It’s the first day of Spring over here and I want my heart to gallop with excitement but it won’t cooperate. Yesterday afternoon Ming and I had one of our serious talks. These always resemble the kind of discussion a grandfather might have with a small child (Ming = the grandfather; Julie = the small child).
Now it’s not particularly pleasant to be scolded by your teenage son but after much to-ing and fro-ing of our discussion, Ming finally summarized things by saying, “Mum, I just want you back the way you were. I want us to have fun again, I want you to be happy again.” (This was after he told me my office was an appalling mess).
“Is it Dad or me who is stopping you?” Ming asked.
“It’s Anthony, Ming. I just can’t seem to adjust. Come on, give me a break – he’s only been in the nursing lodge for six months. Give me a chance to breathe my grief!”
“You’ve been doing that for too long already, Mum. Please stop. We have to get this place in order – you have to help me!”
“Oh you’re not going to say that dreadful word again are you?”
“Yes, Mum. Teamwork, teamwork, teamwork!”
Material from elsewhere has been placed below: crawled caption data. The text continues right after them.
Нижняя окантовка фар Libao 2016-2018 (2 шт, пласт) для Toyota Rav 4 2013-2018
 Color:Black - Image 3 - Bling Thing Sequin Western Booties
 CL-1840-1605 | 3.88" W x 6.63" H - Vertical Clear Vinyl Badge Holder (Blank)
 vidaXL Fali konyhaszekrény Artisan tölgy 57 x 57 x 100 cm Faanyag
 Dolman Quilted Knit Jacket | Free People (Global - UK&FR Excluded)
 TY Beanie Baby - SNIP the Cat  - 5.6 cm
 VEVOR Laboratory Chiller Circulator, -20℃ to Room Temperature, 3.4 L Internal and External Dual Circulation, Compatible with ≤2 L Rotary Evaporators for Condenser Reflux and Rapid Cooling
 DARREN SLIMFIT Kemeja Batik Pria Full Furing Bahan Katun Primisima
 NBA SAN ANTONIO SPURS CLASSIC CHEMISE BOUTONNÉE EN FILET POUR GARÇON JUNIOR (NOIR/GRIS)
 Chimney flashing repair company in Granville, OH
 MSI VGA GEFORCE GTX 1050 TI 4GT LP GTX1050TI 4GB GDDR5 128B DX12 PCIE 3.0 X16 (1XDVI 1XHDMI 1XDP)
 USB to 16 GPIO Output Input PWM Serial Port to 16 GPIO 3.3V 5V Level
“Poo, poo, poo!” I retaliated (Ming loathes that word).
Anyway that was yesterday and now it is today. I just saw a blue wren and I am going to vacuum the inside veranda and it’s raining but sunny and later on I will go see Anthony and I will not cry when I get home again because if I do I will have to suffer another Ming discussion.
It’s the first day of Spring here and my heart has begun to walk again. I hope Ming doesn’t get too much of a shock!